To say that the army invokes the ghosts of national danger in order to justify its commanding share of national resources is to oversimplify the matter and judge the army too harshly. The army takes itself seriously as an institution. (Some would say, too seriously.) In the list of its commandments, the very first defines India as the enemy. There is nothing make-believe about this.

Pakistan was born with a huge sense of insecurity. The bloodletting and blind passions accompanying partition created a paranoid frame of mind. Survival was the first imperative and the first requirement of survival was to balance India's huge size, and mitigate the threat perceived as coming from it, by foreign alliances, in our case with the United States.

Our infant fears thus conditioned our first responses. But haven't we grown up after 55 years? Must we still live with the fears of childhood? Confrontation with India was once our most conspicuous badge of identity. It's now a millstone round our neck, forged in the cradle of insecurity and begetting more insecurity in turn.

It is not the United States which holds us in bondage and tramples on our sovereignty. We couldn't be more wrong about this. It is confrontation with India, and the arms race that this fuels, which has bankrupted our national finances, drained national resources, subverted our democracy and driven us into unnecessary or foolish alliances with the United States.

We have much to learn from the United States, the most powerful, technologically the most advanced nation on earth. We do ourselves no service when in our imagination we treat it simply as a counterweight to India.

All this to what end, to achieve what mighty purpose? Kashmir is no nearer our grasp. Our nuke status was supposed to make us invulnerable but we are now worried that after Iraq our 'strategic assets' may not become the next object of America's wrath. A far-fetched thought but even Musharraf brought up the subject in his recent remarks in Lahore. So there you have it, the ultimate weapon of national defence turning into the ultimate nightmare. No joke can be grimmer than this.

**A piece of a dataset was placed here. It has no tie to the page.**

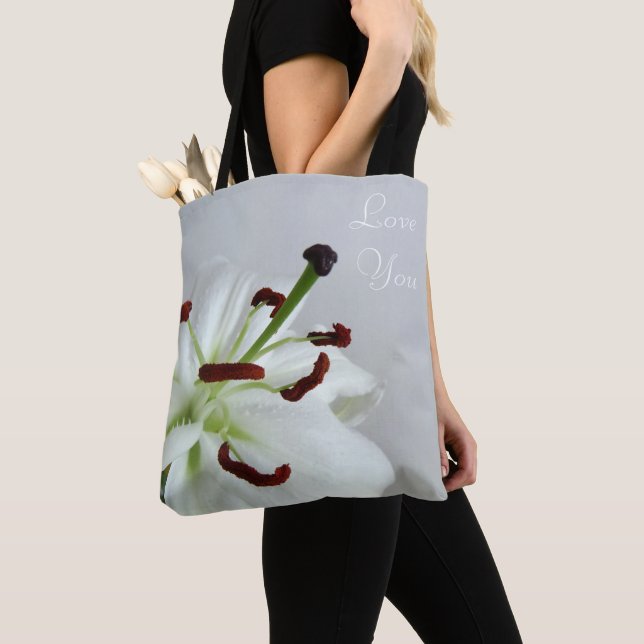 White Lily. Flower. Lumbar Pillow Tote Bag (Close Up)
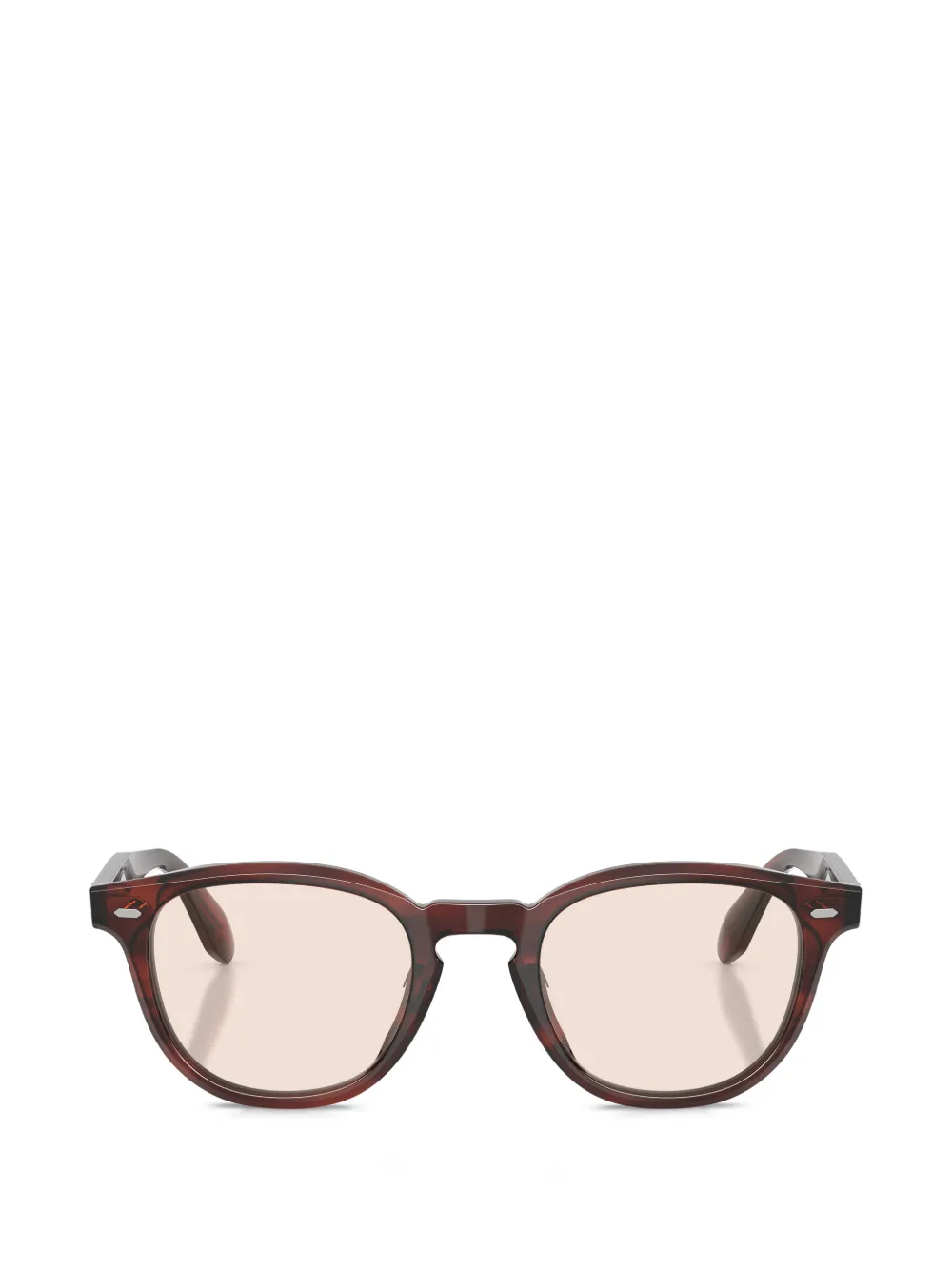 Oliver Peoples N.01 tortoiseshell-effect round-frame glasses - Marrone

About Kashmir we could take a leaf from China's book which has not allowed the Taiwan question to impede normal relations with the US or the still unresolved dispute over the MacMahon Line to obstruct relations with India. We call China our greatest friend but have yet to learn anything from Chinese diplomacy.

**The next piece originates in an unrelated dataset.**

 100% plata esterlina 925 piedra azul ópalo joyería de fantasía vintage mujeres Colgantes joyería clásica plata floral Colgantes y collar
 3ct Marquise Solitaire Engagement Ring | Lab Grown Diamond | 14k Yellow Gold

All right, all right, Kashmir is more important than Taiwan and the MacMahon Line. It is the jugular vein of Pakistan, the unresolved business of partition. Agreed, agreed. But if a thing hasn't been solved for 55 years we could at least try some fresh approaches. How long must we continue living in cuckooland?

Another thing puzzles me. We got over the loss of East Pakistan with remarkable ease - a sangfroid that can only be called astonishing in retrospect. Yet we remain stuck on an issue which never formed part of the constitutional arrangements leading up to partition. East Pakistan was part of our very existence, Kashmir one of the afterthoughts or leftovers of partition, not one of its defining or central planks.

Should we then leave the Kashmiris to their fate? This is a touchy one but we should stop getting emotional about something which the futility of three wars (four if we count Kargil) have proved we can do nothing about. Why not let India stew in its own juice and live with the consequences of Kashmiri alienation?

Iraq is a fleeting phenomenon, its relevance for us a bit academic and remote. What should concern us is our own backyard where the detritus and refuse of 50 years are crying out loud for some efficient method of disposal.